SJ: I still wanted to SEE this mysterious, controversial corn. Given the politics involved, I didn’t think it would be right to go combing through random farmers’ fields. So a friend of a friend talked to some people, emails were sent, and eventually, I was asked to appear at a special Sunday night meeting of the agrarian authorities of . After a long, windy drive through mist-covered mountains, I was in a room with four officials. I explained what I was working on and that I simply wanted to talk to farmers about their relationship to this special corn.
And they said… no. Their agreement with Mars was confidential in part because they didn’t want pesky journalists and researchers snooping around their town. I was disappointed, but not entirely surprised. They made a photocopy of my driver’s license for safekeeping — and maybe further incentive to stay out of the local fields. Weeks of research, hours of interviews, a trip to Oaxaca, and in 10 minutes, we were done.
Well this was a bummer. I'd come all this way to see corn snot. And then...nothing?
SJ: As it turns out, I did actually catch one glimpse of corn snot. Completely by accident. It was an overcast day, my friend and I were walking on a random street in the town of Santa Maria Tlahuitoltopec, when he said "hey, is that it?"
SJ (field tape): Okay, it's day 10 or so in Oaxaca. And I am seeing for the first time maize with gel coming out of its aerial roots. I'm standing next to a plot where someone has planted 30 plants or so of corn. It's kind of wedged between a garage and construction supply store.
SJ: I came to see game-changing corn. I went home with my head spinning.
I wish I could tell you: here’s the bad guy! Here’s the good guy! But I can’t. Yes, one expert told me this was a case of biopiracy. But UC-Davis professor Alan Bennett, who led this study from the beginning, insists their work with the Mixe village was well-intentioned and something to be proud of. In Wisconsin, Jean-Michel Ane feels Mars should be applauded for funding a risky project that led to a possibly major scientific discovery. (Mars is no longer funding the research, by the way.) So far, no one’s claiming ownership of the corn-snot trait. The research is in the public domain, and the corn is actually growing right now in university research plots.
And I hope that’s a good thing. I hope this isn’t just another “silver bullet” that goes astray, another case study in capitalism wreaking havoc on indigenous people. I suppose the test will come in in 10 or 15 years, if and when corn snot goes commercial. But meanwhile, we might be missing a much bigger point. In the birthplace of corn, farmers are struggling. And as Aldo and just about everybody else I talked to said, that could be bad news for all of us.

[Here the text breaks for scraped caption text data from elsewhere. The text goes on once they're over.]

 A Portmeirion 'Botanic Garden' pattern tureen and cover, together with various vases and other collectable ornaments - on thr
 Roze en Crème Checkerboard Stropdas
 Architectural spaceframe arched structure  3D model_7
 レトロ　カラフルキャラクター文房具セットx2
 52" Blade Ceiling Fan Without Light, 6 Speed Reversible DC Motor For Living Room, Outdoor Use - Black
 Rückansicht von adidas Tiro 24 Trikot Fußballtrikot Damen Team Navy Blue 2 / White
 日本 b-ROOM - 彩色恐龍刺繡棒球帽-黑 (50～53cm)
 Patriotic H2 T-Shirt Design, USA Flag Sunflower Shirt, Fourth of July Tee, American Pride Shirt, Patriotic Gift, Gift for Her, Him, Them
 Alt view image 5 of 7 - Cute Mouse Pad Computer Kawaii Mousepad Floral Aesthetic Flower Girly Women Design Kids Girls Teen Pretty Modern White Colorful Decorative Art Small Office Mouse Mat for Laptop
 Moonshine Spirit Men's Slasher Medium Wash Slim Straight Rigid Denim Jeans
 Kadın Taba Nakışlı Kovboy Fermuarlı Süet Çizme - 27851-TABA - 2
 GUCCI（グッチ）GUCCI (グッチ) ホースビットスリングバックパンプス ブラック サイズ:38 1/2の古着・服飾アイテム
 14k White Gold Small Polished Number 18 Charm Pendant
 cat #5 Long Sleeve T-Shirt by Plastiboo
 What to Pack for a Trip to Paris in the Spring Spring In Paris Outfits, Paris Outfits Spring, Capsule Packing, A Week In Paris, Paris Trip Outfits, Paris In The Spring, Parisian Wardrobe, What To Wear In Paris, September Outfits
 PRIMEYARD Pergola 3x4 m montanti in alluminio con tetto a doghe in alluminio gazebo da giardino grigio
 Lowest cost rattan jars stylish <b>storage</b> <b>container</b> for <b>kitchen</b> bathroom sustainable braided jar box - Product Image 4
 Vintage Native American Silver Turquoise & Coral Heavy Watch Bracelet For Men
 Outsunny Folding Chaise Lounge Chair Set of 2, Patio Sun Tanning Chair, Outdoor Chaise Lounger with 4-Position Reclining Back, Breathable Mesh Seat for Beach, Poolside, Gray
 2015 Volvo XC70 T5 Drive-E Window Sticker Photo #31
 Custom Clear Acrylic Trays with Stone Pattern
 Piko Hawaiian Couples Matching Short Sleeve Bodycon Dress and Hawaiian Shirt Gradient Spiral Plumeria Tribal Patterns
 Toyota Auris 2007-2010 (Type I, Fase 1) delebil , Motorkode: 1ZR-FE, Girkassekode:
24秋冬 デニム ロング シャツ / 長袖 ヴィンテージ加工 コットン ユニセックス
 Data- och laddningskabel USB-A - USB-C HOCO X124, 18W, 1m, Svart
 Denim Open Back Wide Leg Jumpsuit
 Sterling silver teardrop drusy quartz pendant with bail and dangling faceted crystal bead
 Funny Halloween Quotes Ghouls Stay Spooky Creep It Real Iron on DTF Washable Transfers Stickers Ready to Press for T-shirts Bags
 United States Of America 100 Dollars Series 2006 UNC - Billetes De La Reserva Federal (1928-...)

AGR: If we see statistics globally, more than 50 percent of food production is still produced on a small scale. It does not depend on transnational companies to survive. That means there are thousands or millions of farmers in the world who continue to do their job to survive. That’s important because finally those farmers are the ones ensuring that future generations can count on the seeds that they are planting in this moment. The companies are not going to guarantee this. For example, the seed vault of the end of the world in Norway isn’t. It’s there to take care of the seeds that may be used by companies in the future. But peasant seeds are reproduced year after year and they adapt to the new climatic conditions. So those are really the seeds of the future.